I have a table as follows:
------------------------------------------------------
| row_num | person_id | org_id | other columns |
|-----------|-------------|----------|---------------|
| 0 | person_0 | org_0 | . |
| 1 | person_1 | org_0 | . |
| 2 | person_2 | org_0 | . |
| 3 | person_3 | org_0 | . |
------------------------------------------------------
| 3 | person_0 | org_1 | . |
| 4 | person_1 | org_1 | . |
| 5 | person_2 | org_1 | . |
| 6 | person_3 | org_1 | . |
------------------------------------------------------
| 6 | person_0 | org_2 | . |
| 7 | person_1 | org_2 | . |
| 8 | person_2 | org_2 | . |
| 9 | person_3 | org_2 | . |
------------------------------------------------------
The primary key is (person_id, org_id)
. This combination is guaranteed to be unique.

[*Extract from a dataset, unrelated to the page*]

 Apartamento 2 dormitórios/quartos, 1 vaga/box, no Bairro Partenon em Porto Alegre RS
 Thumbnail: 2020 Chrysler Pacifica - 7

Let us say, I have lists person_ids
and corresponding org_ids
for certain persons and I want to fetch their records from the collection.
persons = [("person_0", "org_0"), ("person_1", "org_1"), ("person_3", "org_1")]

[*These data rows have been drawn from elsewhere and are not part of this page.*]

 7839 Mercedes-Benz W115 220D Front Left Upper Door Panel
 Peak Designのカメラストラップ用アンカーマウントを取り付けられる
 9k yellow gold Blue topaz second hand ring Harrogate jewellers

person_ids, org_ids = zip(*persons)
In this case the expected output is columns from rows 0, 4, 6
.
I can always find the answer by finding the intersection of the following two queries, but I was wondering if there is any smarter way to do this:
db.collection.find({person_id: {$in: person_ids})
db.collection.find({org_id: {$in: org_ids})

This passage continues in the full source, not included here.